2019年4月7日

従兄弟の結婚式。
結婚式に出るのは人生で2度目だけれど、ウェディングドレスのタイプは初めて見た。教会で、神父様がいるやつでもなかったけれど。人前式、というらしい。参列者の前で、夫婦でいることを誓うのであって、神に誓うわけではないのだと、司会のお姉さんが説明する。
…いや、「誓う」って言葉のそもそもの意味は神に対して約束することであって、「誓う」と言っている時点で対象は神なんですけど??
心の中でツッコミを入れておく。
会場は小さめだけれど綺麗なところだった。外観はいかにも和風で、式場に通じる通路も全体的に木の色が多く落ち着いた雰囲気を醸している。式場は木の骨組みをガラスで覆うような構造になっていて、中庭を背景に新郎新婦が立つようになっていた。教会のようにステンドグラスや十字架が目立つおごそかなのも素敵だけれど、ここはここでシンプルでいい。ごちゃごちゃと無駄な装飾がない分、すっきりとした印象を受ける。
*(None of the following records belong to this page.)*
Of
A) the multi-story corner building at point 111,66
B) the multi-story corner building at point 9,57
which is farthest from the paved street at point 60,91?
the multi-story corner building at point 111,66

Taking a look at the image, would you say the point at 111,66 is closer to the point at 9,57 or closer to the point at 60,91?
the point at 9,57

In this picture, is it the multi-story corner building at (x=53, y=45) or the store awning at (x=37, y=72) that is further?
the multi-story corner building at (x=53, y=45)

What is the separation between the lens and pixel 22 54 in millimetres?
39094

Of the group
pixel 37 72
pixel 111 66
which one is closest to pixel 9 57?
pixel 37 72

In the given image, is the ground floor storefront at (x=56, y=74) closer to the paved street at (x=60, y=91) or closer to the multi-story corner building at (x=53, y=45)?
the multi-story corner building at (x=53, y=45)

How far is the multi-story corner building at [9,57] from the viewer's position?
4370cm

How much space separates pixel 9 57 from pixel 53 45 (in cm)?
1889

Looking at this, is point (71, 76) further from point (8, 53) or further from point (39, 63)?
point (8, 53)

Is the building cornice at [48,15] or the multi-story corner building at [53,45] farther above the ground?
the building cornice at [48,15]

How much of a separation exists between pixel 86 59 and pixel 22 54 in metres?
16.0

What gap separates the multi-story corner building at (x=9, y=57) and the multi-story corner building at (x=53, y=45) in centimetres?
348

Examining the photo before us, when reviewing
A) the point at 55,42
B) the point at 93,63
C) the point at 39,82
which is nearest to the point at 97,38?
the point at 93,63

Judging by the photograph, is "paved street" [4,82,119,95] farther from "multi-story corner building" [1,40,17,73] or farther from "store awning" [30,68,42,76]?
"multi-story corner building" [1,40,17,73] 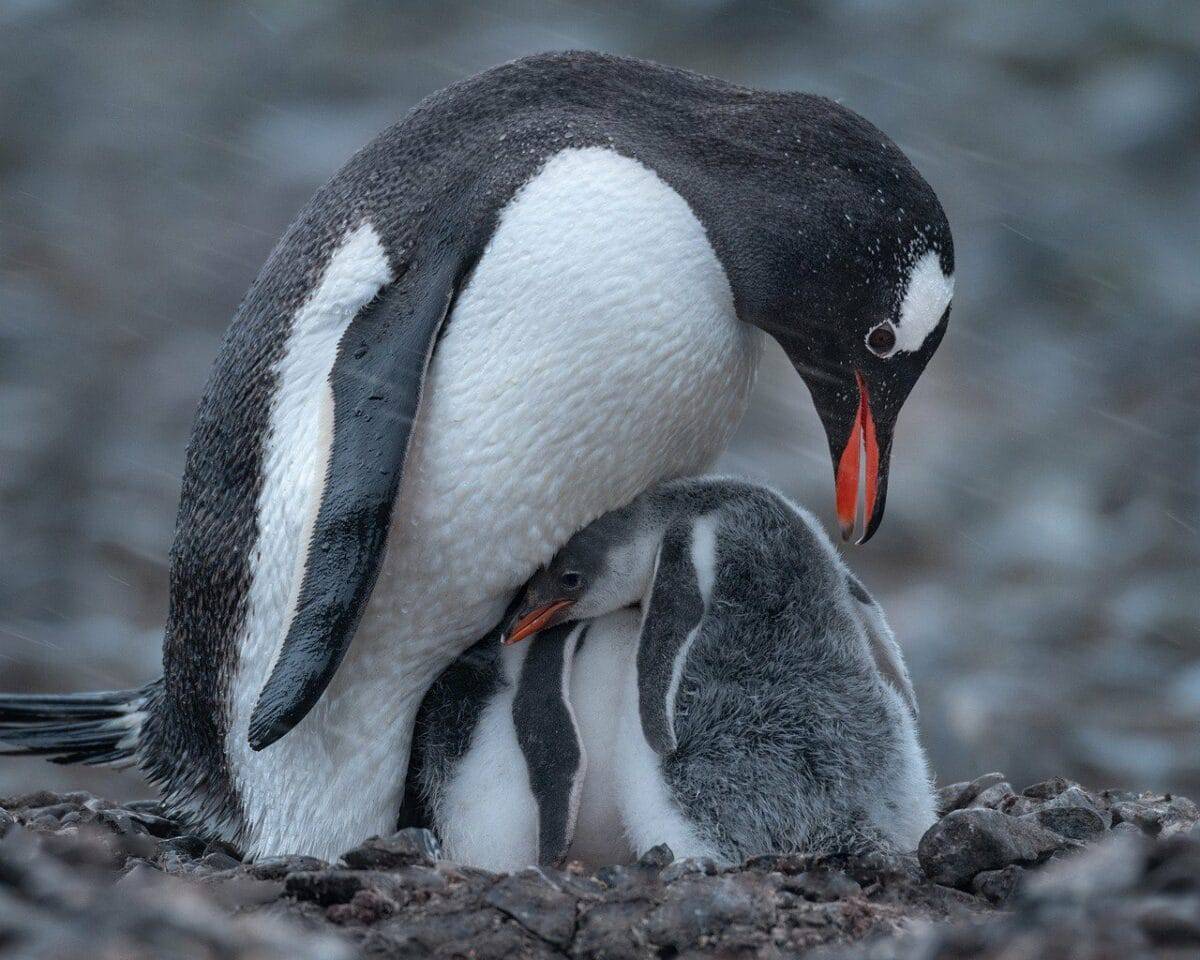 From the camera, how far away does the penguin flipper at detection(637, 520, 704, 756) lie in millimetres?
1882

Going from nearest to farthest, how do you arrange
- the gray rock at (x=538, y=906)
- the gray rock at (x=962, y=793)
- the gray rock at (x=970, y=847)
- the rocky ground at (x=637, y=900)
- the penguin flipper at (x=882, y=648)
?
the rocky ground at (x=637, y=900), the gray rock at (x=538, y=906), the gray rock at (x=970, y=847), the penguin flipper at (x=882, y=648), the gray rock at (x=962, y=793)

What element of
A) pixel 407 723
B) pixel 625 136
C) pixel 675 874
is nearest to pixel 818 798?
pixel 675 874

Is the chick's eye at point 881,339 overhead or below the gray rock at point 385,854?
overhead

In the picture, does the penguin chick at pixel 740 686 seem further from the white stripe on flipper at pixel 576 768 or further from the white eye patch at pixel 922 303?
the white eye patch at pixel 922 303

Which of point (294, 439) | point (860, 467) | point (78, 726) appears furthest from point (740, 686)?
point (78, 726)

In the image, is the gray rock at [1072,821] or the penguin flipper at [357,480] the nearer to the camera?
the penguin flipper at [357,480]

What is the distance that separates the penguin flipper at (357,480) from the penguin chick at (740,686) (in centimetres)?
24

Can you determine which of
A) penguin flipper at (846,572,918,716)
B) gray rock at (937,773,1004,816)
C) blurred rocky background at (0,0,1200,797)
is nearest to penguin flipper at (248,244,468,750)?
penguin flipper at (846,572,918,716)

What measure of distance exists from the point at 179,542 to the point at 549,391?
0.62 m

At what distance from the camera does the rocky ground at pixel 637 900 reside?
3.94ft

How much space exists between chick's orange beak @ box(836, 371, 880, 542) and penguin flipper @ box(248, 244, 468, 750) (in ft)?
1.72

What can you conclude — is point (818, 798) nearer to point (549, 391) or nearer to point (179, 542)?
point (549, 391)

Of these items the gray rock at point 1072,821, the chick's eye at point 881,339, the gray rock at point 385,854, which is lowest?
the gray rock at point 1072,821

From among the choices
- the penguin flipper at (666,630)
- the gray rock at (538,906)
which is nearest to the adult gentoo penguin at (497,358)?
the penguin flipper at (666,630) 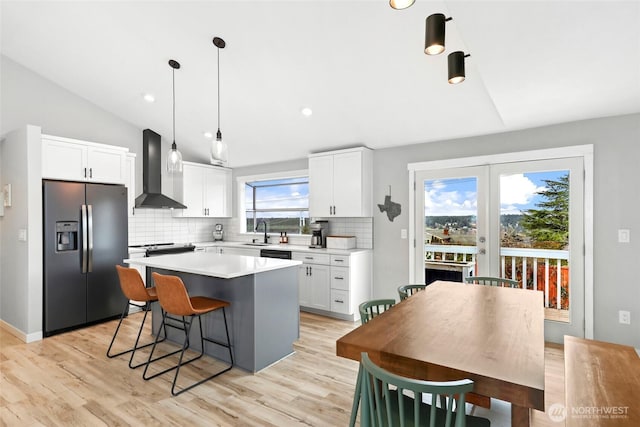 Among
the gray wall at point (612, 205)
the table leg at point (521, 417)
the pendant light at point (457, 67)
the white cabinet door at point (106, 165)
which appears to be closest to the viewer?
the table leg at point (521, 417)

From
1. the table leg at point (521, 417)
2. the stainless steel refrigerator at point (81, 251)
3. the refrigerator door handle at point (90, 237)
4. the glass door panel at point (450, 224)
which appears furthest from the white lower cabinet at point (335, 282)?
the table leg at point (521, 417)

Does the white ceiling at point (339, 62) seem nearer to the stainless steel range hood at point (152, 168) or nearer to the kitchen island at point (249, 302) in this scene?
the stainless steel range hood at point (152, 168)

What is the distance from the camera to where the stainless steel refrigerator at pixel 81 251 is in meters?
3.77

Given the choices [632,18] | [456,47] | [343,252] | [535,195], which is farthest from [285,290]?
[632,18]

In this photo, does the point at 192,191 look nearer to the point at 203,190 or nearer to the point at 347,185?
the point at 203,190

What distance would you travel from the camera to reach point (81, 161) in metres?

中庭は建物に囲まれるような位置にあり、いまは冬の終わりでいまいちぱっとしないけれど、それでも池に架けられた赤い橋が和を演出している。春の桜や秋の紅葉、真冬の雪景色ならいっそう素敵な庭になるのは容易く想像できた。
会場の雰囲気は素敵。
でも、式の最中も披露宴のときも、明らかに感動ではない鳥肌が私の表面をぞわり、ぞわり、と巡っていく。私はこの感覚につける名前を知らない。だから、今感じているのがなんの感情で、何に起因するものなのかがわからない。ただ、式のすべてが、子どもが演じるぎこちないお遊戯にも、どうしようもない茶番のようにも見えて、あるいは、知らない星の、知らない国の儀式のように思えて、これが結婚式であるならもう二度と来たくはないと、私の何かが拒絶した。理解できない気持ち悪さ、がいちばん近いかもしれない。それならばなんとなく説明がつく。実体の愛を持てない私は、いま目の前でまさに繰り広げられているそれを、不気味に思っているのだ。明確になにかを嫌悪するというわけでもないけれど、なんとなく──そう、ほんとうになんとなく──居心地の悪さのようなものを感じてしまって、どうにも苦手だと思った。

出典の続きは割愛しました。